I am reading a book that claims (without proof) that the curvature of a function $f(x)$ along a direction $p$ is obtained by projecting the product of the Hessian $H$ and $p$ onto the direction $p$ i.e.
$$ p^T H p $$
I'd like to understand why.
I am reading a book that claims (without proof) that the curvature of a function $f(x)$ along a direction $p$ is obtained by projecting the product of the Hessian $H$ and $p$ onto the direction $p$ i.e.
$$ p^T H p $$
I'd like to understand why.
Recall the idea of extrinsic scalar curvature for plane curves. A smaller circle means tighter turns (if you're go-karting around it, say), so we define the curvature of a circle to be inversely proportional to its radius, indeed just the reciprocal $1/r$. For a unit-parametrized circle, this means the curvature will be the angular speed, in other words $\mathrm{d}\theta/\mathrm{d}s$ where $\theta$ is the angle the unit tangent $\mathbf{T}(s)$ makes with any chosen direction and $s$ is the natural arclength parameter. But $|\mathrm{d}\theta/\mathrm{d}s|=\|\mathrm{d}\mathbf{T}/\mathrm{d}s\|$, so for general curves we can use $\|\mathrm{d}\mathbf{T}/\mathrm{d}s\|$ as a definition of (unsigned) curvature. This will equal the curvature $1/r$ of the oscillating circle of radius $r$. A given orientation on space is what allows us the $\theta$ coordinate, in which case we can define signed curvature which is positive or negative depending on concavity (whether $\mathbf{T}$ is turning clockwise or counter).
For the graph $y=f(x)$ of a one-variable function $f$, the (signed) curvature is
$$ \kappa = \frac{f''}{(1+(f')^2)^{3/2}}. \tag{$\ast$}$$
This is all is discussed in the first four subsections of the "plane curves" section of WP's curvature article, and there are plenty of derivations around (or it would make a good exercise).
If we consider the graph $y=f(\mathbf{x})$ of a multivariable scalar function $f$, we can restrict ourselves to a 2D cross section which intersects the domain perpendicularly.
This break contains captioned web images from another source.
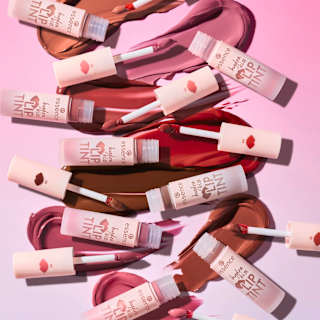 Lippenstift Hydra Kiss Lip Tint 07 Hazelnut Haze essence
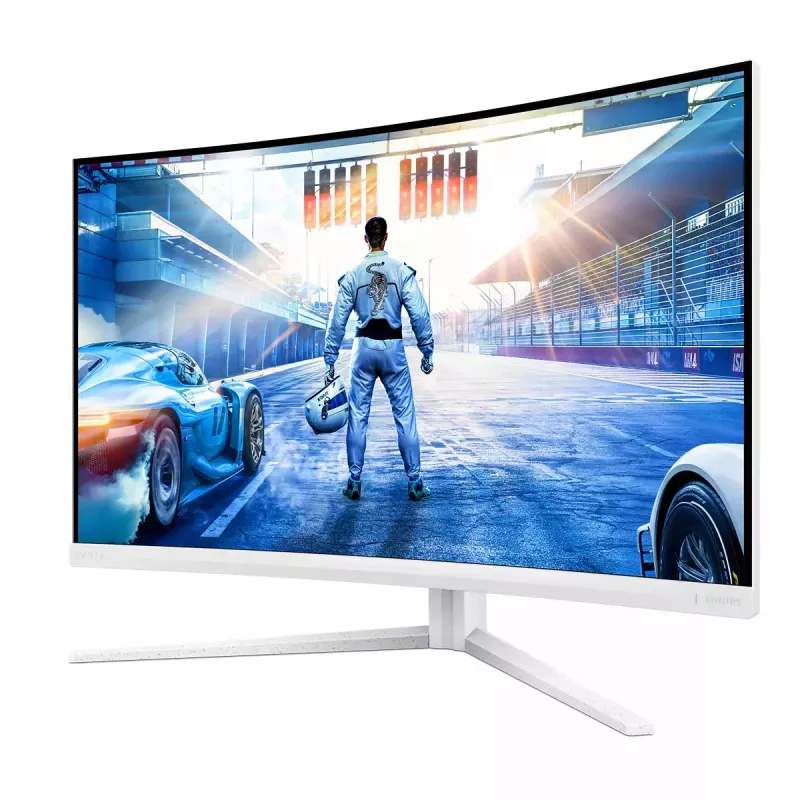 Philips Evnia 5000 32M2C5501/00 monitorius 80 cm (31,5 colio) 2560 x 1440 pikselių Quad HD LCD baltas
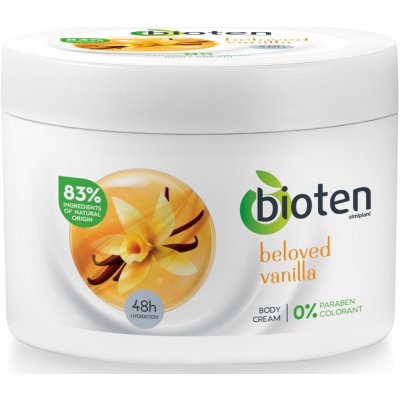 bioten Hydratační tělový krém s vanilkou Beloved Vanilla (Body Cream) 250 ml – Zbozi.Blesk.cz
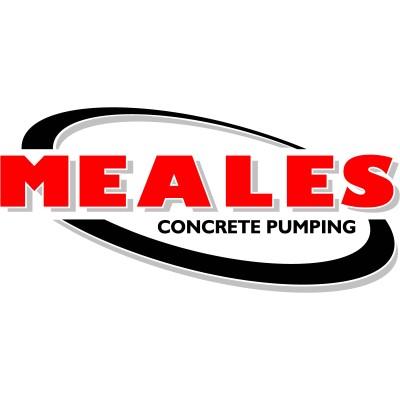 Meales Concrete Pumping Logo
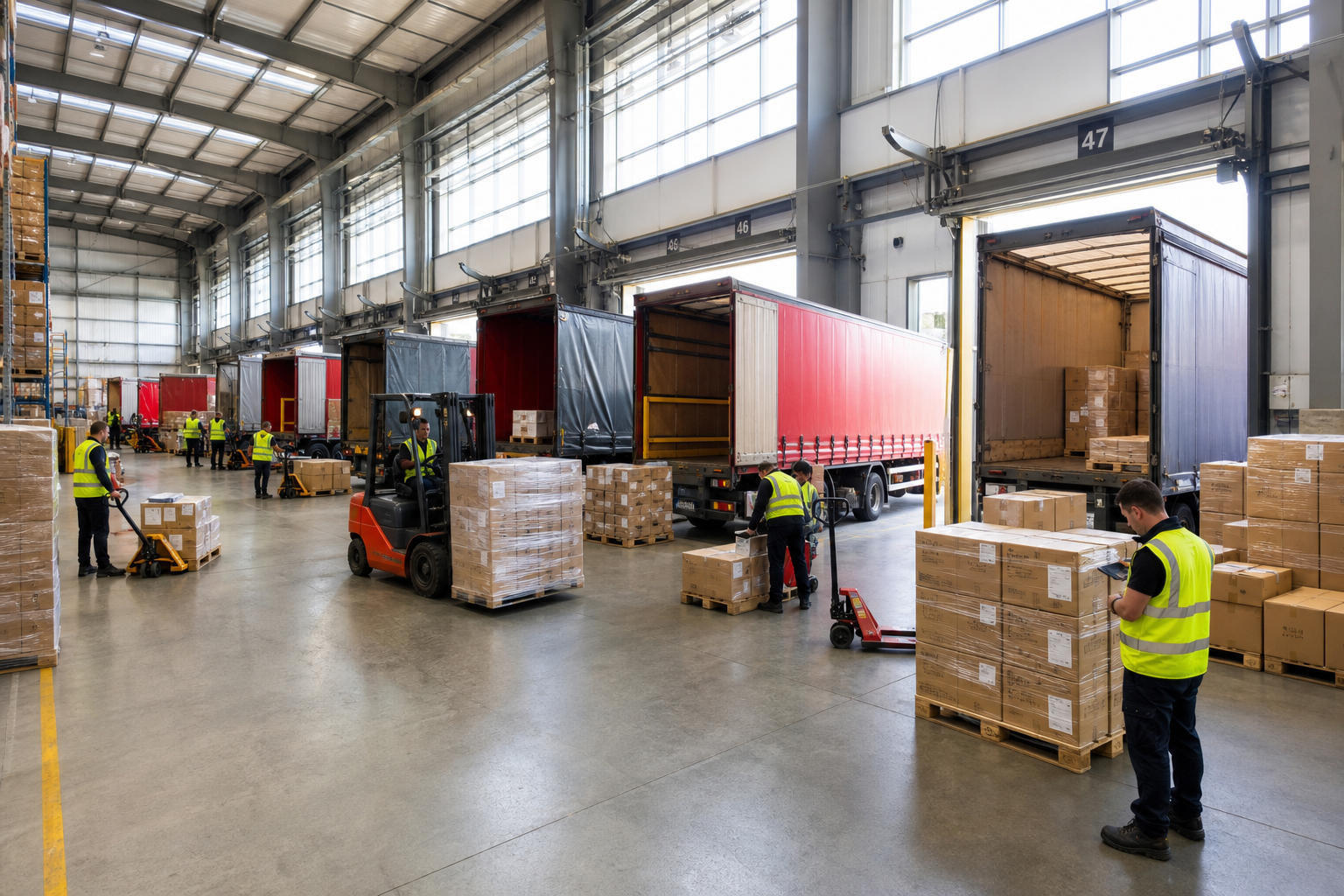 Cross-Docking: Benefits and Setup for UK Operators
If we think about the "direction" of $\mathbf{p}$ from a particular point $\mathbf{x}$ in the domain, we can define the one-variable function $g(t)=f(\mathbf{x}+t\mathbf{p})$; this graph will be the 2D cross section of the graph of $y=f(\mathbf{x})$. If we apply $(\ast)$ to $g(t)$ we get extrinsic scalar curvature
$$ \kappa=\frac{\mathbf{p}^T(Hf)\mathbf{p}}{(1+(\mathbf{p}^T\nabla f)^2)^{3/2}} $$
At a critical point $\mathbf{x}$ where $\nabla f(\mathbf{x})=0$, or in a direction $\mathbf{p}$ orthogonal to the gradient $\nabla f(\mathbf{x})$, then this simplifies to $\kappa=\mathbf{p}^T(Hf)\mathbf{p}$. Just as the gradient $\nabla f(\mathbf{x})$ encodes the magnitude and direction of the maximized directional derivative of $f$, the Hessian's $Hf$ eigenvectors and eigenvalues encode the directions and scalar values of its principal curvatures at a critical point. To generalize to other points we need to normalize $Hf$ with $\nabla f$ somehow; the second fundamental form is $\mathrm{I\!I}=Hf/\|\nabla f\|$ (interpreted as a local bilinear form varying with $\mathbf{x}$) and usual principal curvatures are defined WRT $\mathrm{I\!I}$.